Son günlerde sosyal medyada İranlı kadın hakları üzerine yoğun bir tartışma yaşanıyor. Bu tartışma, İsrail'in İran'a yönelik askeri operasyonlarını takiben başladı ve feminist söylemlerin savaşın gerekçesi olarak kullanıldığı eleştirileriyle büyüdü.
İsrail ordusu, İran'ın nükleer altyapısı, hava savunma sistemleri ve iç güvenlik hedeflerine yönelik geniş çaplı saldırılar düzenledi. Bu saldırılar sırasında İran'ın iç güvenlik aparatları, İslam Devrim Muhafızları ve siyasi muhaliflerin bulunduğu Evin Hapishanesi gibi hedefler vuruldu.
Sosyal medyada, İranlı kadınların eğitim, mülkiyet hakkı ve sosyal özgürlükleri üzerine yanlış bilgi ve yorumlar paylaşıldı. Bu söylemler, İranlı kadınların özgürleştirilmesi gerektiği iddiasıyla İsrail ve ABD'nin saldırılarını haklı çıkarma çabası olarak eleştirildi.

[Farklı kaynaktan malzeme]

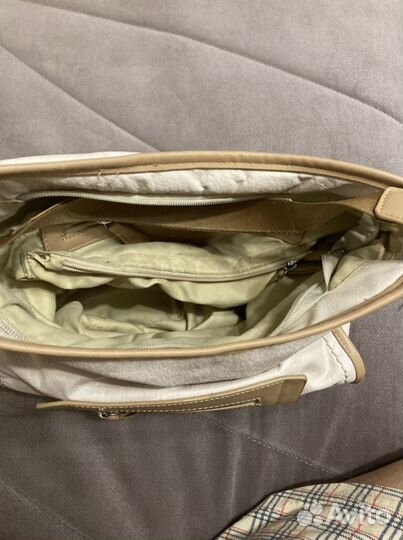 Сумка кожаная женская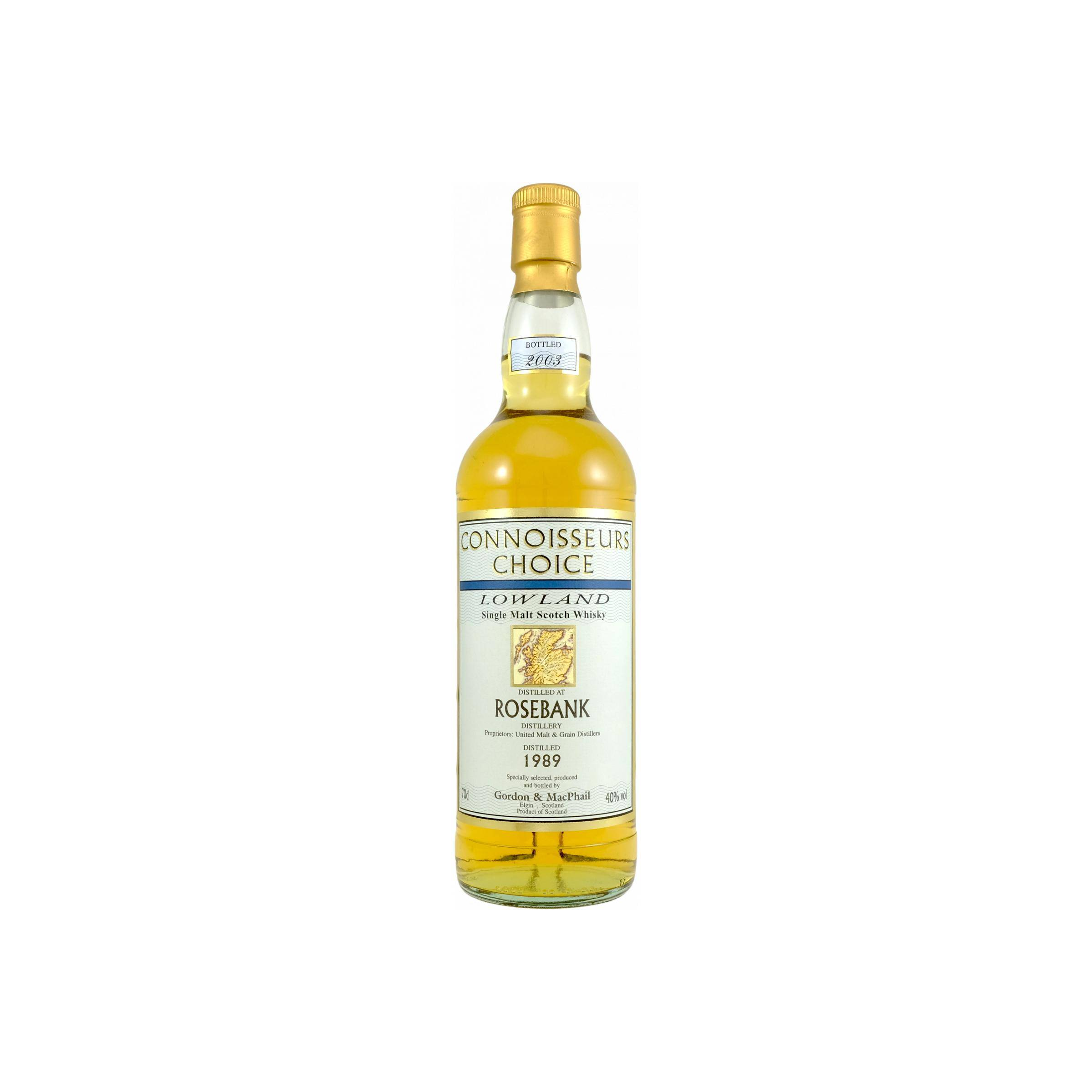 Rosebank Connoisseurs Choice 1989 14 Years Single Malt Whisky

İstatistikler, İran'da kadınların okuryazarlık oranının 2020 itibarıyla %85.5 olduğunu gösteriyor. Bu oran, erkeklerin %80 olan okuryazarlık oranından daha yüksek. Ayrıca, İran'da kadınlar ücretsiz doğum bakımı ve sübvansiyonlu kısırlık tedavilerinden faydalanabiliyor.
Brandeis Üniversitesi'nin araştırmasına göre, İran'da üniversite öğrencilerinin %55'i kadınlardan oluşuyor. Sosyal medyada birçok kullanıcı, bu verileri paylaşarak İranlı kadınların eğitim haklarının kısıtlandığı yönündeki iddiaları eleştirdi.
Sosyal medya kullanıcıları, İranlı kadınların özgürleştirilmesi söyleminin, Afgan, Irak, Libya ve Suriye'deki kadınların "özgürleştirilmesi" ile benzer olduğunu ve bu ülkelerdeki insani krizlere yol açtığını belirtti.
İran Sağlık Bakanlığı yetkililerine göre, 13 Haziran'dan bu yana İsrail saldırılarında en az 430 kişi hayatını kaybetti, 3,500 kişi yaralandı. Bağımsız kaynaklar, ölü sayısının daha yüksek olabileceğini öne sürüyor.
Bu tartışmalar, feminist söylemlerin uluslararası politikada nasıl kullanıldığı ve kadın haklarının savaşın gerekçesi olarak gösterilmesi konularında derinlemesine düşünmeyi gerektiriyor.